Background: Longitudinal population-based cohorts are critical in HIV surveillance programs in Africa but continued rapid population growth poses serious challenges to maintaining cohort representativeness with limited resources. In one such cohort, we evaluated if systematic exclusion of some residents due to growing population size biases key HIV metrics like prevalence and viremia.
Methods: Data were obtained from the Rakai Community Cohort study (RCCS) in south central Uganda, an open population-based cohort which began excluding some residents of newly constructed household structures within its surveillance boundaries in 2008. We evaluated the extent to which changing inclusion criteria may bias recent population HIV seroprevalence and viremia estimates from the RCCS using ensemble machine learning models fit to 2019-2020 RCCS census and survey data.

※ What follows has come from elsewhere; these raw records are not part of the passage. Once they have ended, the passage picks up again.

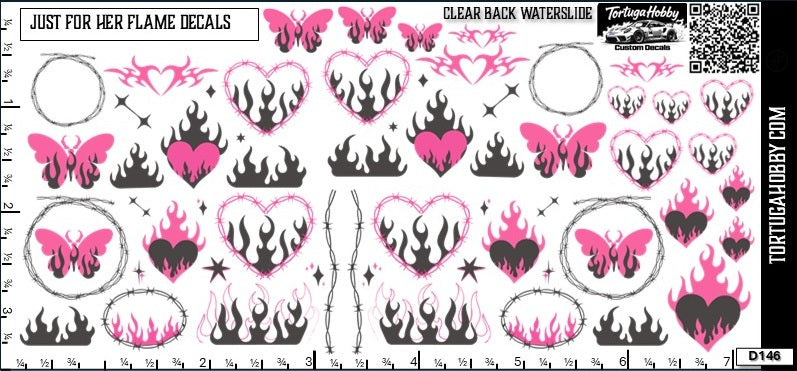 Flames for Her - Waterslide Decals for Your favorite Hobby, Models Derby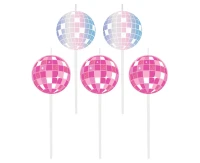 Picker candles Disco, double side print, total length 7 cm, 5 pcs.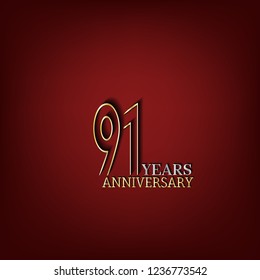 91 years anniversary celebration logotype with number gold on red color. vector, and greeting card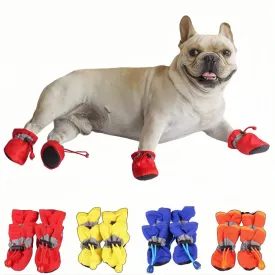 4pcs Waterproof Pet Dog Shoes Anti-slip Rain Boots Footwear for Cats Dogs Puppy Pet Booties Pet Paw Accessories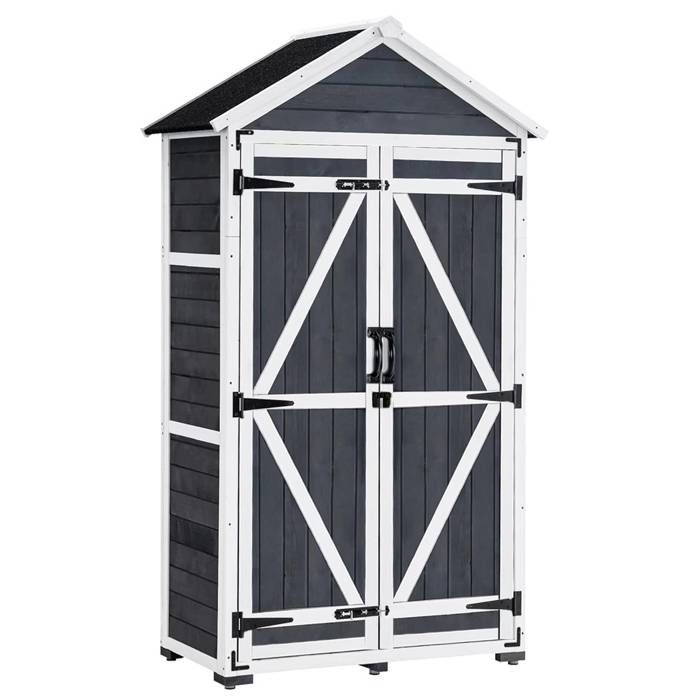 M MCombo Armoire de jardin en bois 1000EY Petit abri de jardin résistant aux intempéries (Gris)
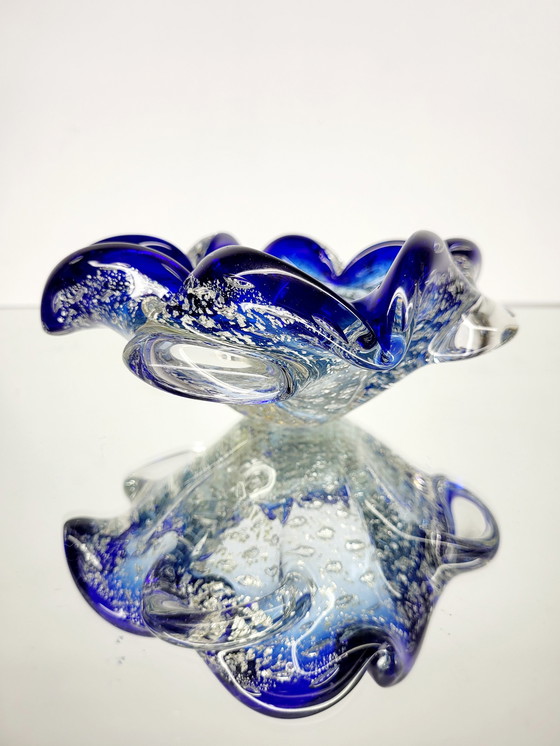 Image 1 of Murano Schaaltje, Organische Vormgeving Helder Murano Glas Met 24 Karaats Bladgoud En Silverleaf, Italy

Results: Of the 24,729 census-eligible residents, 2,920 (12%) were living within new household structures and excluded. Predicted seroprevalence for excluded residents was 11.4% (95% Confidence Interval: 10.2, 12.3) compared to 11.8% in the observed sample. However, predicted seroprevalence for younger excluded residents 15-24 years was 5.1% (3.6, 6.1), which was significantly higher than that in the observed sample for the same age group (2.6%). Over all ages, predicted prevalence of viremia in excluded residents (2.8% [2.2, 3.3]) was higher than that in the observed sample (1.7%), resulting in a somewhat higher overall population viremia estimate of 1.9% [1.8, 2.0]).
Conclusions: Exclusion of residents in new households may modestly bias HIV viremia estimates and some age-specific seroprevalence estimates in the RCCS. Overall HIV seroprevalence estimates were not significantly affected.